- Rynek domów praktycznie zamarł. Jakiekolwiek transakcje w tym segmencie należą do rzadkości – uważa Jarosław Jędrzyński, analityk rynku nieruchomości portalu RynekPierwotny.com. - W ogóle dostępność nieruchomości w Polsce, czyli stosunek zarobków do cen na rynku, jest rekordowo niska. Dla średnio sytuowanej polskiej rodziny kupno nawet małego domu pozostaje na razie raczej poza zasięgiem – dodaje analityk.
Również Marcin Jańczuk z sieciowej agencji nieruchomości Metrohouse & Partnerzy podkreśla, że dom sprzedać dziś znacznie trudniej niż mieszkanie.

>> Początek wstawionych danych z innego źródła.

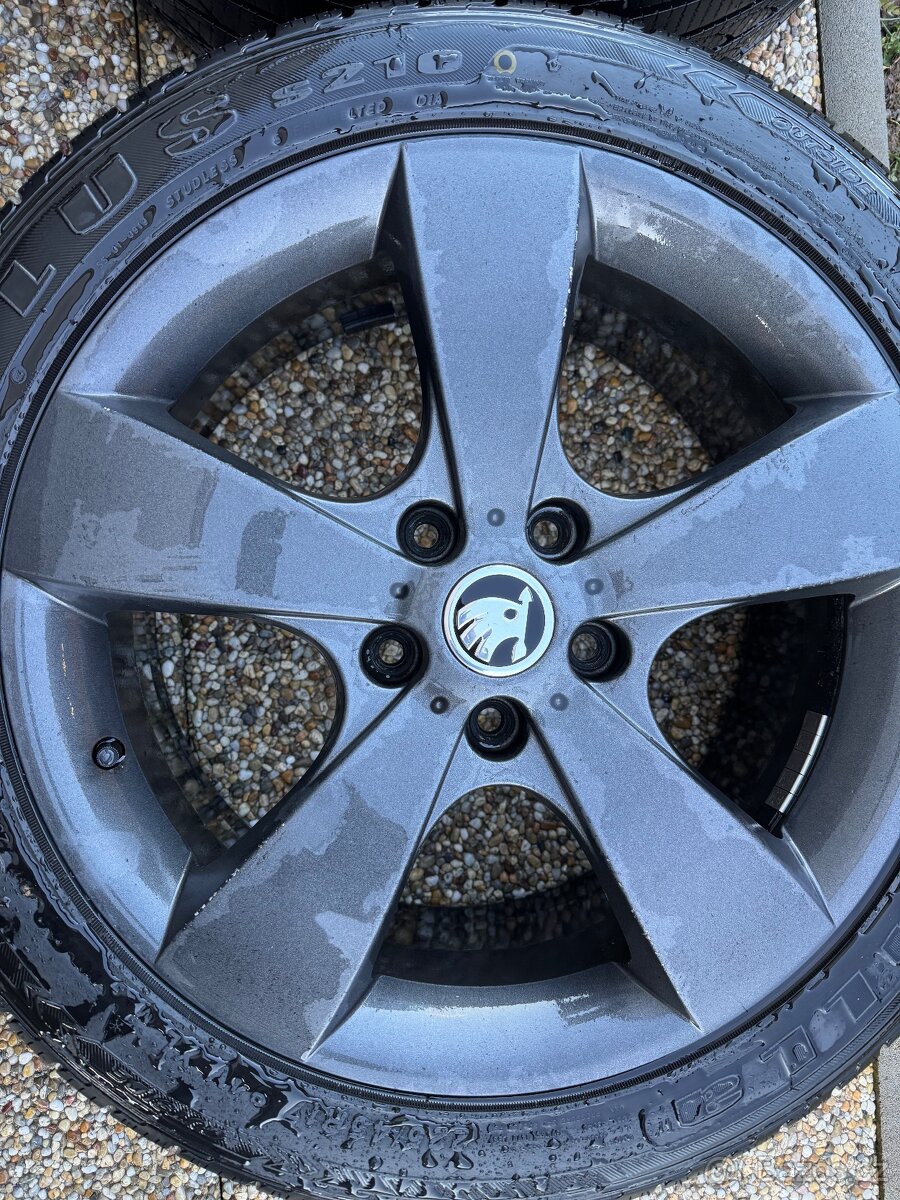 Alu kola 5x112 Pegasus R17 - 5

- Sprzedaż domów, w porównaniu z mieszkaniami, jest dziś incydentalna. W ciągu ostatnich kilkunastu miesięcy kupowane są głównie mieszkania dwupokojowe o powierzchni ok. 50 mkw., nie droższe niż 300 tys. zł. Większość osób zainteresowanych domami po prostu na nie stać – mówi Paweł Zeliaś, pośrednik z firmy SalonDomow.pl.
Trudności z uzyskaniem kredytu na 100 proc. wartości nieruchomości, rosnące koszty utrzymania domu (gaz, prąd i inne media) oraz wysokie koszty wykończenia lub remontu budynku uniemożliwiają transakcje.
Paweł Zeliaś podkreśla, że klienci poszukujący domów coraz częściej są bardziej świadomi, że posiadanie działki o powierzchni ponad tysiąca mkw. wiąże się z ogromnym kosztem jej zagospodarowania i utrzymania w nienagannym porządku.